## Material shown
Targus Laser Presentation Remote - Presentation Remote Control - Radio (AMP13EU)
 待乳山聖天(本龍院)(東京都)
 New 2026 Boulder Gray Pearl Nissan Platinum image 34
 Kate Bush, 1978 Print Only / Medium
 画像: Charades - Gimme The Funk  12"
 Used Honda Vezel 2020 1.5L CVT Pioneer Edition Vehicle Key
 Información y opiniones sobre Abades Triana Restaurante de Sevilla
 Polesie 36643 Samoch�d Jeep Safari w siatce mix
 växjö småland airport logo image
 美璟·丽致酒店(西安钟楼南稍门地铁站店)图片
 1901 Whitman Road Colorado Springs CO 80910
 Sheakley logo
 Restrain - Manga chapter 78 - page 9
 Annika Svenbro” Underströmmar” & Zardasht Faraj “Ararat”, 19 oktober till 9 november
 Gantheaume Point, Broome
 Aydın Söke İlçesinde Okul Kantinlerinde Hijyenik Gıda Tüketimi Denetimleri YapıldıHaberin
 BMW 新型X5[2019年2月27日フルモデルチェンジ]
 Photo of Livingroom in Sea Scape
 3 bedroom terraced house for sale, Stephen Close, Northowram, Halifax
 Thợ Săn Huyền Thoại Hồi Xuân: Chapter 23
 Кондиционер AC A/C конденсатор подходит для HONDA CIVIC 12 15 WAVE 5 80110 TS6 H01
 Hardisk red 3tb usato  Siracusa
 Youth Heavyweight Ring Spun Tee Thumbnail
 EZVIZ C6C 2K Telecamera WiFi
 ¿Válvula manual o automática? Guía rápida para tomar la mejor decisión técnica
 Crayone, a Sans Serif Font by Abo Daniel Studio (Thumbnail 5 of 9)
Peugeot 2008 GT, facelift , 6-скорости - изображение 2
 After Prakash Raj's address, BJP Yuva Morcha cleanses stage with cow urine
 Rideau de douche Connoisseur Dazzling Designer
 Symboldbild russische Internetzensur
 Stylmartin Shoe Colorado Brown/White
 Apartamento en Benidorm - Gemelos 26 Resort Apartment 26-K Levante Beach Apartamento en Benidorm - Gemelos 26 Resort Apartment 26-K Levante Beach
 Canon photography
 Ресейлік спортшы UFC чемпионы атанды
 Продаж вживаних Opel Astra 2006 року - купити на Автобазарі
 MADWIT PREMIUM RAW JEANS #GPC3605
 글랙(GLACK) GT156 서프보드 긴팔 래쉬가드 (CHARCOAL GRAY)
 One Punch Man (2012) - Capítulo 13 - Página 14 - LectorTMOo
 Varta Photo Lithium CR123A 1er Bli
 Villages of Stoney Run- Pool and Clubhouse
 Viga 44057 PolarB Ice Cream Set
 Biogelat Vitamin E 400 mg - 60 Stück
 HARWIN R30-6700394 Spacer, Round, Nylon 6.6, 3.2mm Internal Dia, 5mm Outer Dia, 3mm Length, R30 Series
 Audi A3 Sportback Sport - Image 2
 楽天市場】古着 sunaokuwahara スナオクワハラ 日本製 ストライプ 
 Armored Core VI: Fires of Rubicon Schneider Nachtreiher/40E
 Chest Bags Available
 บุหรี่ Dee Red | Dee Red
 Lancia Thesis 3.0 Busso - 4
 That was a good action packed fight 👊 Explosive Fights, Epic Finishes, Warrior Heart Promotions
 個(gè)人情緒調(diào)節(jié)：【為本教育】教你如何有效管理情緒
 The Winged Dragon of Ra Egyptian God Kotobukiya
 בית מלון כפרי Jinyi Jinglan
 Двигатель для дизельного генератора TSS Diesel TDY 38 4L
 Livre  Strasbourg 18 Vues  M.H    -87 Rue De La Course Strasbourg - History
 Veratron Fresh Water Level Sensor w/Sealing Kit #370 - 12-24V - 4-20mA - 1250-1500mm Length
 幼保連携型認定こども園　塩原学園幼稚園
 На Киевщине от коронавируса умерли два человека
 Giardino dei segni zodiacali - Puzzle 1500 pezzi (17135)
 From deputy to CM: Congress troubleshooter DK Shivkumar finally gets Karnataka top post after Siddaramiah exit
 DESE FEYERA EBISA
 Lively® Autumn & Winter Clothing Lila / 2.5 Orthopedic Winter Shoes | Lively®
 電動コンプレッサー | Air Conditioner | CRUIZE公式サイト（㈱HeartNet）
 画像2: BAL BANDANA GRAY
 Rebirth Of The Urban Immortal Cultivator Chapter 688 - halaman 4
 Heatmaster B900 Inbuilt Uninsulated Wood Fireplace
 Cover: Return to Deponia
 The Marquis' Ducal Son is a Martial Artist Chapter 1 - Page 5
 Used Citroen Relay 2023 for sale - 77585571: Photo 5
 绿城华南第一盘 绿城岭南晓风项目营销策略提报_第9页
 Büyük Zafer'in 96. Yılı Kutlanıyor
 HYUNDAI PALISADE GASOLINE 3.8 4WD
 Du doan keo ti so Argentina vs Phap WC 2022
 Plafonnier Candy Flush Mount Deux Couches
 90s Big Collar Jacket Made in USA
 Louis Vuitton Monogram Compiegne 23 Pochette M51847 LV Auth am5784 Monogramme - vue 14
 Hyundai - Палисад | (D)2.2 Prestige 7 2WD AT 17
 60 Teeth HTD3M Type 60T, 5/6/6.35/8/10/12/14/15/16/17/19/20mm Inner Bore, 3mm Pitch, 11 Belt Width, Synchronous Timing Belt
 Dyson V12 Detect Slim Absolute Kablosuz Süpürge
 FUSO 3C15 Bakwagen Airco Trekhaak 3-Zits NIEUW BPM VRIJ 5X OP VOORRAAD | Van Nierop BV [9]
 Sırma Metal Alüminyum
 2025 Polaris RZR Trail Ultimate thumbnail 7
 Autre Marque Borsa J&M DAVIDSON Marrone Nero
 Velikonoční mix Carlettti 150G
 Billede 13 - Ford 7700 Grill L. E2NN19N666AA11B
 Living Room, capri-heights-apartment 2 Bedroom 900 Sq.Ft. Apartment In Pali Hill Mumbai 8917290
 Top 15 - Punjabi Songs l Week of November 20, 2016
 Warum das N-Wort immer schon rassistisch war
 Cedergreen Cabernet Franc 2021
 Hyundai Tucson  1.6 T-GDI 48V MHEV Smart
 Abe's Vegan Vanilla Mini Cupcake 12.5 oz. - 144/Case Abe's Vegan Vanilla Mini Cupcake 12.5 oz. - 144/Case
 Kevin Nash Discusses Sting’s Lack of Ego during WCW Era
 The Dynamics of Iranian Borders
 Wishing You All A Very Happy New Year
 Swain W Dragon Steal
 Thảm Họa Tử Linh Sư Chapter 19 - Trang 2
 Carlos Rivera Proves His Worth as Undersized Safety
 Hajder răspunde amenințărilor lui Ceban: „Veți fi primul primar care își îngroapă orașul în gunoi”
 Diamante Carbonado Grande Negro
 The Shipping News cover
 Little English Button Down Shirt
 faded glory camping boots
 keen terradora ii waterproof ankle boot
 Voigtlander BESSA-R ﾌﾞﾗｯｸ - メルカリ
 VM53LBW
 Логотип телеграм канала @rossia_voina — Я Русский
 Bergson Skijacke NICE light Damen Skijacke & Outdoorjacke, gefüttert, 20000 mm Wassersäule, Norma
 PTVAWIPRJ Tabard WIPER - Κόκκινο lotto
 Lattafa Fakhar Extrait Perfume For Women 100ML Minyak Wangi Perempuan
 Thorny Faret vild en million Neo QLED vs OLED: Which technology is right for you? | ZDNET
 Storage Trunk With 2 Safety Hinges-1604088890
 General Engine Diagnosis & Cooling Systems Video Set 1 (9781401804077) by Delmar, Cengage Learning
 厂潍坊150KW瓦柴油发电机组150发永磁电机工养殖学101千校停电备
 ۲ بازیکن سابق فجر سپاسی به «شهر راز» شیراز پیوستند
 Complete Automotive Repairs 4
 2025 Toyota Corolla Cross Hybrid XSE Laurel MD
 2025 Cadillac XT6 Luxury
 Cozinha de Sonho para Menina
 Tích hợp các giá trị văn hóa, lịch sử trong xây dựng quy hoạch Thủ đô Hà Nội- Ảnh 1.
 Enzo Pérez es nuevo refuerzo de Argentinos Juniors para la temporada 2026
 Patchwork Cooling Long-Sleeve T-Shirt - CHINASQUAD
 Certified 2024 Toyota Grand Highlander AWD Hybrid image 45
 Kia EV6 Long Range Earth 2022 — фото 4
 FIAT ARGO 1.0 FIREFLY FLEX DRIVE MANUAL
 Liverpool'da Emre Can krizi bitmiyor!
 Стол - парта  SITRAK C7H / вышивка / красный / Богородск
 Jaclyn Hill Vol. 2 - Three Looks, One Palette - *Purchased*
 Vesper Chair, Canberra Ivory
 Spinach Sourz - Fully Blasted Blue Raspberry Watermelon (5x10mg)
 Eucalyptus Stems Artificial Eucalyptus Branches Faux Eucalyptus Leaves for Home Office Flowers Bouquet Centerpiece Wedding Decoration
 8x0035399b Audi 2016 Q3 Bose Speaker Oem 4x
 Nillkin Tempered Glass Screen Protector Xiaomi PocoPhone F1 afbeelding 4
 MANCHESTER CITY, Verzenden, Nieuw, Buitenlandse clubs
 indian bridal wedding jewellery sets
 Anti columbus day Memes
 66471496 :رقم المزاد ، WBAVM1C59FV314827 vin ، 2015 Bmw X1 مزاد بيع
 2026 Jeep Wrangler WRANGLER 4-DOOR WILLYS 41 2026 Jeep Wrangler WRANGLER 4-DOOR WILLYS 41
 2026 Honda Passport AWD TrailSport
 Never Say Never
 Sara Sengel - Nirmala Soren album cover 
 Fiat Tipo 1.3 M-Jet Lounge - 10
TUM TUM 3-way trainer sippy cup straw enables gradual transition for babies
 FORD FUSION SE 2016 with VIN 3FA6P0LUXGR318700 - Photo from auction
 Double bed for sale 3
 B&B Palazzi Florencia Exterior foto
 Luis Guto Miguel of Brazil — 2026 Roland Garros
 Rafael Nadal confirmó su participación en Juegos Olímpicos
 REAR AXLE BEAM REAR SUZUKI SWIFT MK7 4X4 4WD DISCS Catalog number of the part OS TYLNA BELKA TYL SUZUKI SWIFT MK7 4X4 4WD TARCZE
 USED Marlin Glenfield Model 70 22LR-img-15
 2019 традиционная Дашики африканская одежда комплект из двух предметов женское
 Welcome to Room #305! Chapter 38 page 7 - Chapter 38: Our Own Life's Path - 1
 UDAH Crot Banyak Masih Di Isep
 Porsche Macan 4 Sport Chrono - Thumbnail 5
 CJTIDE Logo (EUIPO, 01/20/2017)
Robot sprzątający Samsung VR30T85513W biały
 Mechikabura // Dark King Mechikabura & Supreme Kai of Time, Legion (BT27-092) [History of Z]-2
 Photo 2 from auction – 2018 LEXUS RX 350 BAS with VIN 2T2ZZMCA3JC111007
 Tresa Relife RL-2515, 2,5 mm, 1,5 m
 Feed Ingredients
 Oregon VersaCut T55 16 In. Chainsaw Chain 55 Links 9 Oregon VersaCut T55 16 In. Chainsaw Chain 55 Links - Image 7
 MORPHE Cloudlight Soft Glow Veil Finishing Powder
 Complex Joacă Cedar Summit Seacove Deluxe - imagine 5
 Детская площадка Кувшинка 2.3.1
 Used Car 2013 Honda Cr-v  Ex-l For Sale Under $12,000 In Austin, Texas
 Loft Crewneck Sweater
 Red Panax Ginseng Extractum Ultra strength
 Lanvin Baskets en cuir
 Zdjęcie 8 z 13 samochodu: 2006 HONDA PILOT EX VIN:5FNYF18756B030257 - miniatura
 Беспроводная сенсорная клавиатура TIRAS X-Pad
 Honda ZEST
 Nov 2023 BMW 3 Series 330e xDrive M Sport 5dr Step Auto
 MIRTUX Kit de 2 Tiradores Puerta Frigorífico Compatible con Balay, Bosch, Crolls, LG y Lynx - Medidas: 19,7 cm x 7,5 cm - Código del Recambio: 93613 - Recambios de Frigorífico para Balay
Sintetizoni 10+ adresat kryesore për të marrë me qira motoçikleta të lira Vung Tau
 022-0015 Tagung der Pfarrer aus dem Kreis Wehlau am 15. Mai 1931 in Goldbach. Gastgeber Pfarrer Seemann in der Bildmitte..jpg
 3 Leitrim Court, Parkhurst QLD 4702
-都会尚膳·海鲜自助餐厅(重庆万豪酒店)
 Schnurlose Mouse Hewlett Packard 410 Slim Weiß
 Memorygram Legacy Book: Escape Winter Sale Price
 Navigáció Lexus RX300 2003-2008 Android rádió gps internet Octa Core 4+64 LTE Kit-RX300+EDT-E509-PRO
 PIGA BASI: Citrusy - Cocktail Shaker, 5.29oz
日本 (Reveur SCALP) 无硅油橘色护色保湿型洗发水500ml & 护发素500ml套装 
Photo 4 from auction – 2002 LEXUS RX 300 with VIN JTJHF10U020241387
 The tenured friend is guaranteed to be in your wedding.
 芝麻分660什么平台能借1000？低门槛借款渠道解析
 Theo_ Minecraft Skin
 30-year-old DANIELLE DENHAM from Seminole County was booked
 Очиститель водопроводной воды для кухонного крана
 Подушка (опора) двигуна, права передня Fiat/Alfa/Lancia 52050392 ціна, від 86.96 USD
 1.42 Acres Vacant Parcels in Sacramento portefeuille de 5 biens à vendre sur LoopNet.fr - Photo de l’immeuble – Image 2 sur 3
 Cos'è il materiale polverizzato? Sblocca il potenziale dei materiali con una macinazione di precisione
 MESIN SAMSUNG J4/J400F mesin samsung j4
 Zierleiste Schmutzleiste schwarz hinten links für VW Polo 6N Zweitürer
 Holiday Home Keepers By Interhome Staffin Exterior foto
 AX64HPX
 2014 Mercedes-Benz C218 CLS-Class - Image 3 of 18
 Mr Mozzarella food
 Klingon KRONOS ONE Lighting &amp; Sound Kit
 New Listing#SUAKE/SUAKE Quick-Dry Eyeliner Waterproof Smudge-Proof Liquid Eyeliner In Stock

## Requirement
Only the lines that contain the string "History" should be copied from the entries above.

## Response to this task
 Livre  Strasbourg 18 Vues  M.H    -87 Rue De La Course Strasbourg - History
 Mechikabura // Dark King Mechikabura & Supreme Kai of Time, Legion (BT27-092) [History of Z]-2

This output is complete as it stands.